- **TASK DETAILS**
The output is the lines below from the one with "4PCS Turbo Oil" through the one with "Snake Funny Snake", both included, printed exactly and with no other line.

- **DATA FOR THIS EXERCISE**
################
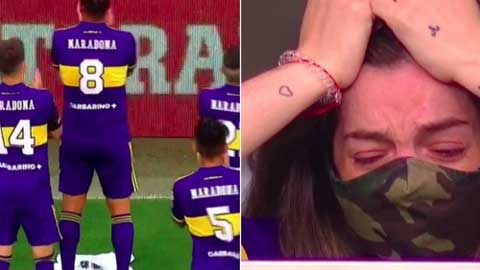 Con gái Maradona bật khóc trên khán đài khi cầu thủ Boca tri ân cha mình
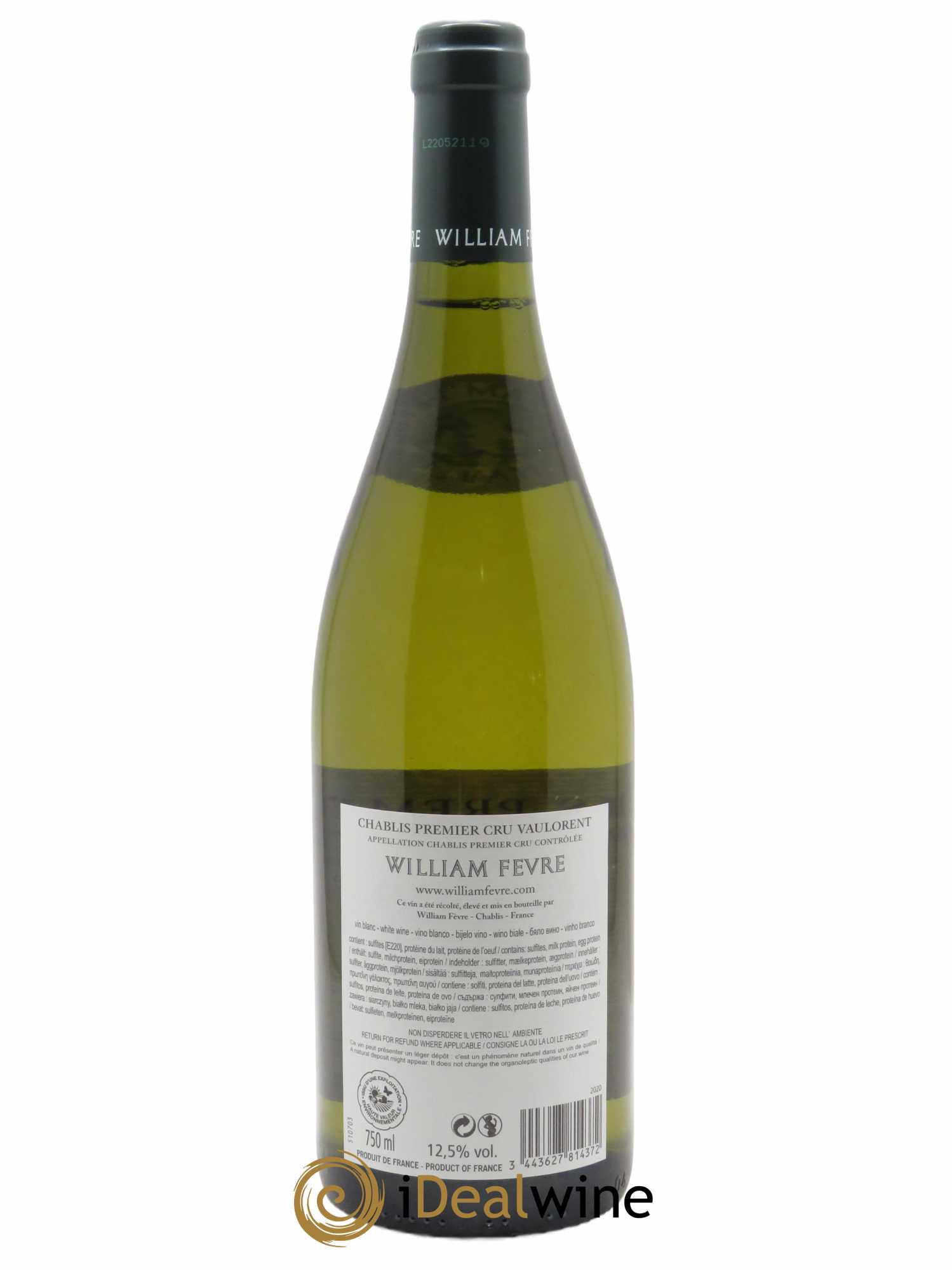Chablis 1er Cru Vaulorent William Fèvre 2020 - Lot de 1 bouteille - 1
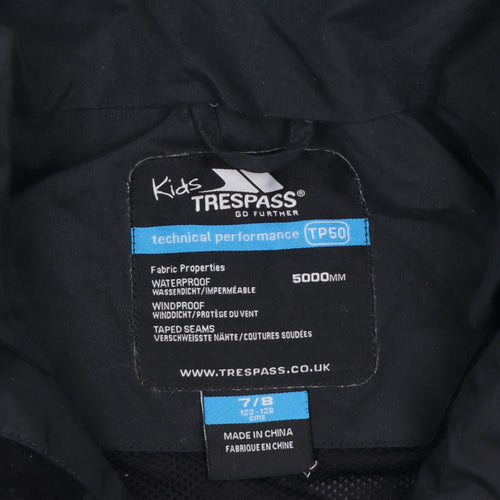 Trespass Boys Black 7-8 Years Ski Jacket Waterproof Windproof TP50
################
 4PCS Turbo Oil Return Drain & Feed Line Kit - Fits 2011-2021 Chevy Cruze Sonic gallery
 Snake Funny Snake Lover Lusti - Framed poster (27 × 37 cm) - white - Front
################
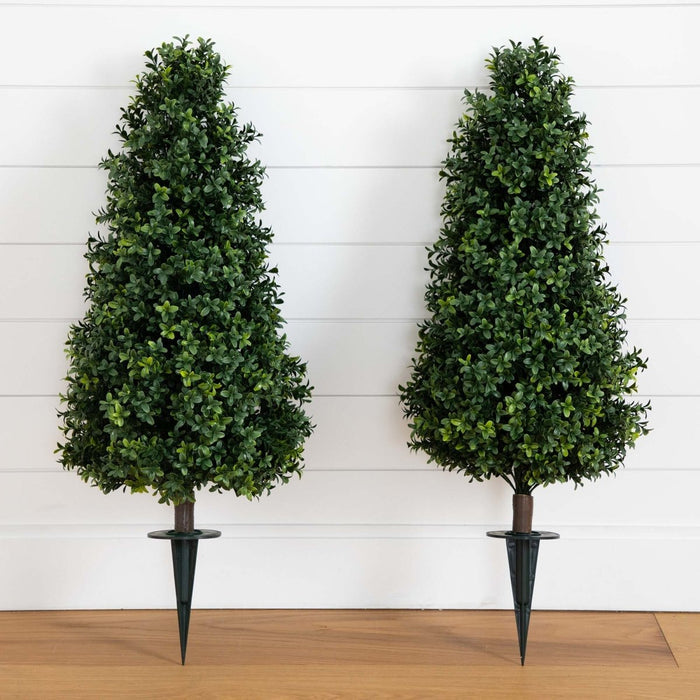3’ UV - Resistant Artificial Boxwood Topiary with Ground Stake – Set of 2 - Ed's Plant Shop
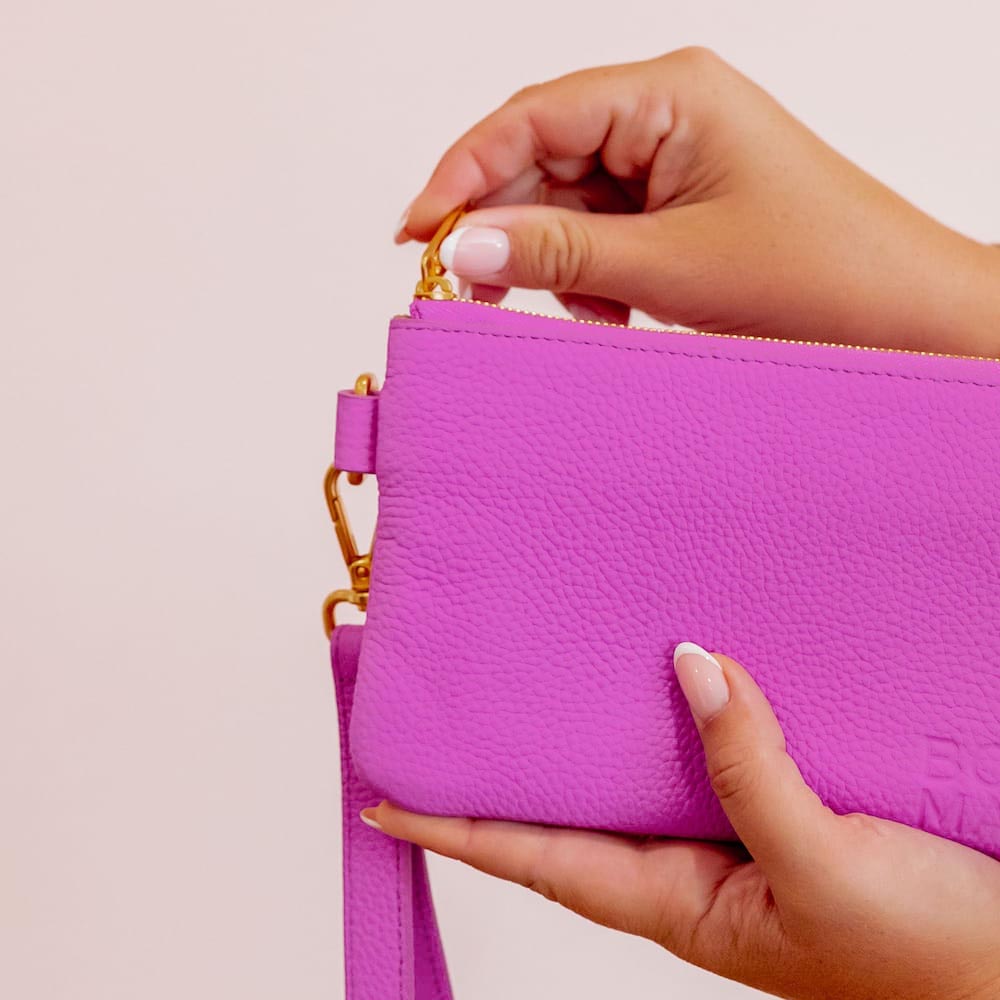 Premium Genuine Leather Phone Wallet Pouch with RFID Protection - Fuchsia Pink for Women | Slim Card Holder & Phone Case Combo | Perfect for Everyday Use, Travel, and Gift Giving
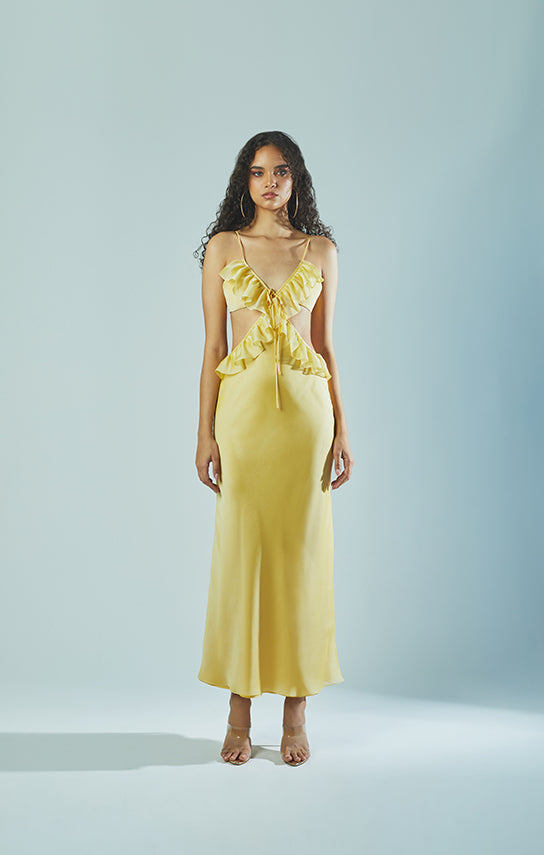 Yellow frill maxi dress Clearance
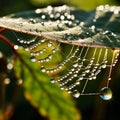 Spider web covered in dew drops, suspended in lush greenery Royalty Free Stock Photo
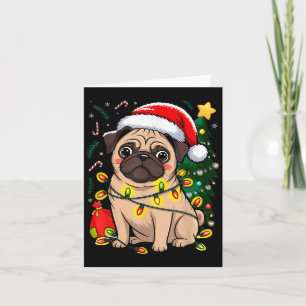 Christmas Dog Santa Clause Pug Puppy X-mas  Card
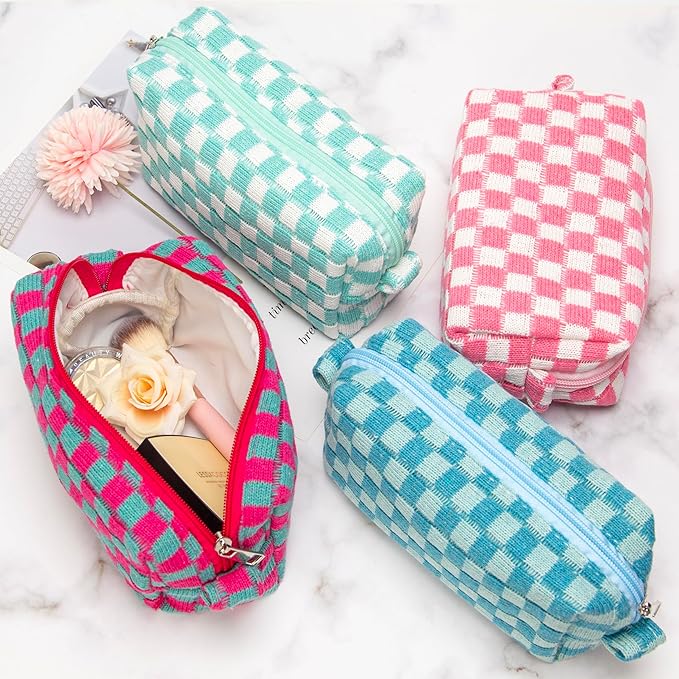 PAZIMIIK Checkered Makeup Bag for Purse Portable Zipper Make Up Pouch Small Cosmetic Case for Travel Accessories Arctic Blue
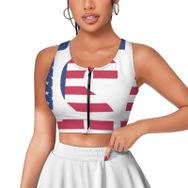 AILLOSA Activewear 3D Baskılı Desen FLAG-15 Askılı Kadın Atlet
################
- **OUTPUT OF THE TASK**
 4PCS Turbo Oil Return Drain & Feed Line Kit - Fits 2011-2021 Chevy Cruze Sonic gallery
 Snake Funny Snake Lover Lusti - Framed poster (27 × 37 cm) - white - Front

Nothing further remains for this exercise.